**Collected material:**
....
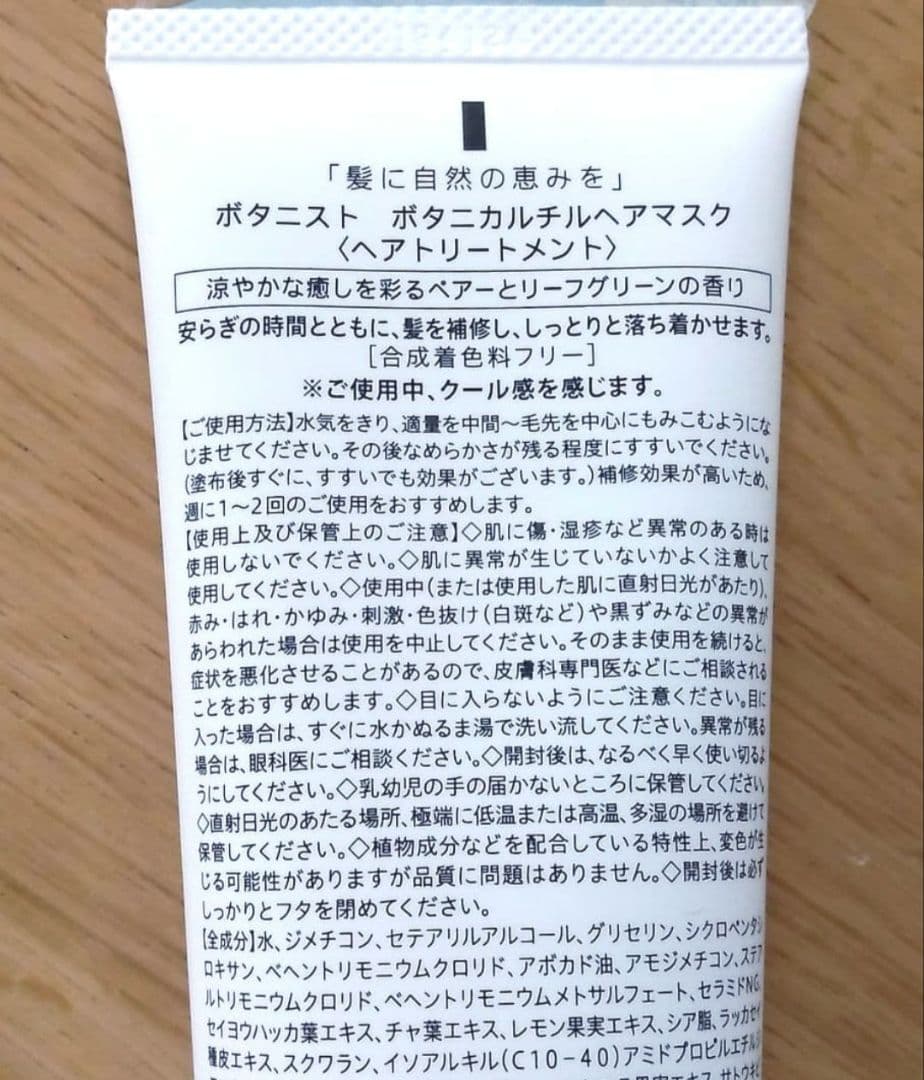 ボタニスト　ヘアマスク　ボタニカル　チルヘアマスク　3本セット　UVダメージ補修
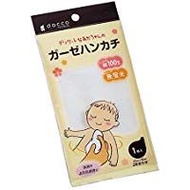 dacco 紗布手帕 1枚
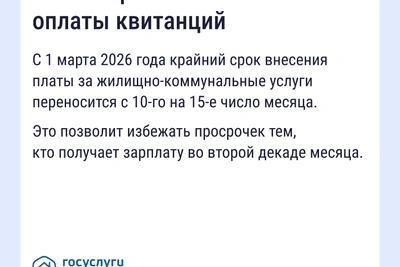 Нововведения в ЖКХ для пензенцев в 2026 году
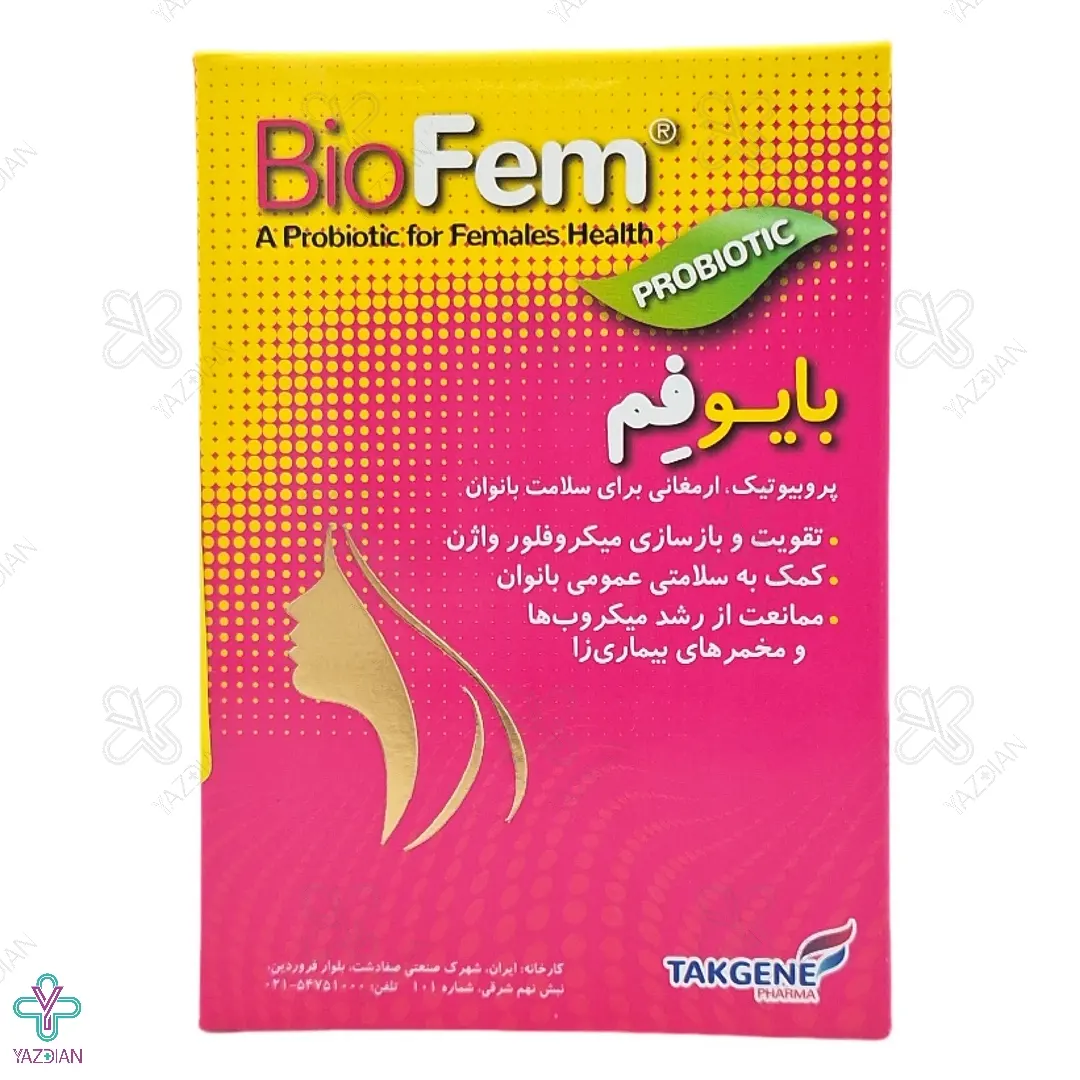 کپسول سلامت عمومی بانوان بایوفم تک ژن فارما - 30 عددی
....
**What you have to do:**
Set down word for word each line from the one containing "Нововведения в ЖКХ для пензенцев в 2026 году" through the end of the material, and keep the pictures out of it.

**Exercise solution:**
 Нововведения в ЖКХ для пензенцев в 2026 году
 کپسول سلامت عمومی بانوان بایوفم تک ژن فارما - 30 عددی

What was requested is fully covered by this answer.